CD28およびPD-L1に同時に結合するCD80の能力を評価するために、プレートに結合したCD80バリアントA91G ECD-Fcを組み込んだELISAベースの結合アッセイを設定した。PBS中の100nMヒト組換えCD80バリアントA91G ECD-Fc融合タンパク質でMaxisorp 96ウェルELISAプレート（Nunc, USA）を一晩コートした。翌日、未結合タンパク質を洗い流し、そして、1％ウシ血清アルブミン（Millipore, USA）/PBSを用いて室温で1時間プレートをブロッキングした。このブロッキング試薬をPBS/0.05％Tweenで3回洗い流した。洗浄毎にプラットフォーム振盪器上での2分間のインキュベーションを含めた。

競合アッセイの一方のアームでは、CD80をCD28とインキュベートした後、次いで、他の公知のCD80リガンドカウンター構造PD-L1もしくはCTLA-4または陰性対照リガンドPD-L2のいずれかの存在下でCD28結合CD80を競合的結合について評価した。具体的には、ビオチン化組換えヒトCD28 Fc融合タンパク質（rCD28.Fc；R&D Systems）を、ウェル内、25μl容量中10nMで開始して、1:2希釈で8点希釈することで用量漸増した。ビオチン化rCD28.Fcを加えた直後に、未標識競合結合剤の組換えヒトPD-L1単量体hisタグ化タンパク質、組換えヒトCTLA-4単量体hisタグ化タンパク質、または陰性対照ヒト組換えPD-L2 Fc融合タンパク質（R&D Systems）を、それぞれ25μl容量中2000/1000/500nMで、最終容量50μlでウェルに加えた。これらのタンパク質を一緒に1時間インキュベートした後、上記のとおりの3回の洗浄工程を繰り返した。

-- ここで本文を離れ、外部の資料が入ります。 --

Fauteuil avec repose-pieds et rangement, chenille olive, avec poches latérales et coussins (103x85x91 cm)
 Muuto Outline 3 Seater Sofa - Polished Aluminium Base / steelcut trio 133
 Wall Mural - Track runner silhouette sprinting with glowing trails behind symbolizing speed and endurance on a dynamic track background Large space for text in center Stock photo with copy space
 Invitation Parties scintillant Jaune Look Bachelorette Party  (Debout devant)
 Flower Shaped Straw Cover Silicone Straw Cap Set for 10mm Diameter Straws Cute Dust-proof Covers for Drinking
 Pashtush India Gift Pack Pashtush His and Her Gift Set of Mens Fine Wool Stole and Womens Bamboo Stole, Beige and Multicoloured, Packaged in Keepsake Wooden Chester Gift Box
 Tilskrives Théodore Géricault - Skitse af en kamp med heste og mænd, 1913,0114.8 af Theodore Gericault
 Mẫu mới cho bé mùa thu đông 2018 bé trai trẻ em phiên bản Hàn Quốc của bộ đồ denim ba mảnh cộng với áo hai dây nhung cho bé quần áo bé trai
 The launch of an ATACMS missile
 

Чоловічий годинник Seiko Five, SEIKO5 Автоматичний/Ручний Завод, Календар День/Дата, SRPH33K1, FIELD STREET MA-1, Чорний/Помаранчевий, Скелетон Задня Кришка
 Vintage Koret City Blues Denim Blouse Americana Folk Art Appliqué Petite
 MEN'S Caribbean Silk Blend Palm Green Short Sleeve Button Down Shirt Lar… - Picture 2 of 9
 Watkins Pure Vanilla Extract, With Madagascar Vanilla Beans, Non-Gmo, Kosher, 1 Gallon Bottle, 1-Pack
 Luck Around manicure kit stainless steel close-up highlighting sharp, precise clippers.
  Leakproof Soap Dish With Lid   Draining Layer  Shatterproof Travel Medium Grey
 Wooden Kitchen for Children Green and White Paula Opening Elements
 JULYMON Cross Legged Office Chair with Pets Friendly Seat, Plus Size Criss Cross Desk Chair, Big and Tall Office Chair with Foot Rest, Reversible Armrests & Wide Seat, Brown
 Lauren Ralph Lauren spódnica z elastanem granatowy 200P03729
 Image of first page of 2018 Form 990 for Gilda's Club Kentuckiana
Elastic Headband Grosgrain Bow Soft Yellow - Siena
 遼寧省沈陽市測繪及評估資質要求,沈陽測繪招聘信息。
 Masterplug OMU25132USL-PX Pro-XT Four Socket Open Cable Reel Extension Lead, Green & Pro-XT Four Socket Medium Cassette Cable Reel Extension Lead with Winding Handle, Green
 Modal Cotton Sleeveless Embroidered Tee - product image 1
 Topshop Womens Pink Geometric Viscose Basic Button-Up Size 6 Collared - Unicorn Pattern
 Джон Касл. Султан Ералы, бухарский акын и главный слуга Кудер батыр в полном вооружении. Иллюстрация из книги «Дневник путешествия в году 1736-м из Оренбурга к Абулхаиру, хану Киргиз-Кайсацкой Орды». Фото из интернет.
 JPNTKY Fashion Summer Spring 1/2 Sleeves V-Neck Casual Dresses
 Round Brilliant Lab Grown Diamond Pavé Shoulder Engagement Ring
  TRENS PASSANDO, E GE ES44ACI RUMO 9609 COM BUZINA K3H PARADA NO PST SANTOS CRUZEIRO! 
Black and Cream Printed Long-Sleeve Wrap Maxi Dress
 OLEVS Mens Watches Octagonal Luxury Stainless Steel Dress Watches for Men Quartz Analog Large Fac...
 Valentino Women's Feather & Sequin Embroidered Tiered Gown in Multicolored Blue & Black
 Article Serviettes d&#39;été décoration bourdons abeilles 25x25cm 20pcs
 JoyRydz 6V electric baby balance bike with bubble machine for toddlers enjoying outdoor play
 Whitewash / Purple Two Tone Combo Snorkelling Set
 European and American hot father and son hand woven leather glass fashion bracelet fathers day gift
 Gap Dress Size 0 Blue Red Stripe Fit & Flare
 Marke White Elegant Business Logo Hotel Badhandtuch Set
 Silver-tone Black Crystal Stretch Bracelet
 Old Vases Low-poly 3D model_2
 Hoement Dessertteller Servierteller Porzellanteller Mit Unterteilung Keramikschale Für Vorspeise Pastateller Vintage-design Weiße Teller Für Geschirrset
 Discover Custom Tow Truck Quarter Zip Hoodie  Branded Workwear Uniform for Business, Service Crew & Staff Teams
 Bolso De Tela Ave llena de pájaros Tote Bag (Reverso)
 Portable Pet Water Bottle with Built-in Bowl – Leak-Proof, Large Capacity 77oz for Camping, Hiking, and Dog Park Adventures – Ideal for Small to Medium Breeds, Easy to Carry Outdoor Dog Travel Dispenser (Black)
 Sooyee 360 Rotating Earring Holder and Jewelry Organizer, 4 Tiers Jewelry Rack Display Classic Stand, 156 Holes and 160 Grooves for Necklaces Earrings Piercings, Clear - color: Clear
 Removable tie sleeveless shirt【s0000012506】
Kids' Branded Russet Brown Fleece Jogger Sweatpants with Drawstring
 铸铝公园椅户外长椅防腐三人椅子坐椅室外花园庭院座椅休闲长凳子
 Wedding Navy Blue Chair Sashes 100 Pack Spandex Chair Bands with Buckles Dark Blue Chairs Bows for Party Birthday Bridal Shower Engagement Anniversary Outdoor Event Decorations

洗浄後、1ウェル当たり2.5ngのHRPコンジュゲートストレプトアビジン（Jackson Immunoresearch, USA）を1％BSA/PBS中で希釈してウェルに加え、結合したビオチン化rCD28.Fcを検出した。1時間のインキュベーション後、ウェルを再度上記のとおり3回洗浄した。シグナルを検出するために、洗浄に続いてTMB基質（Pierce, USA）50μlをウェルに加え、7分間インキュベートした後に2M硫酸停止溶液50ulを加えた。光学密度をEmax Plus microplate reader（Molecular Devices, USA）で決定した。光学密度値をPrism（Graphpad, USA）でグラフ化した。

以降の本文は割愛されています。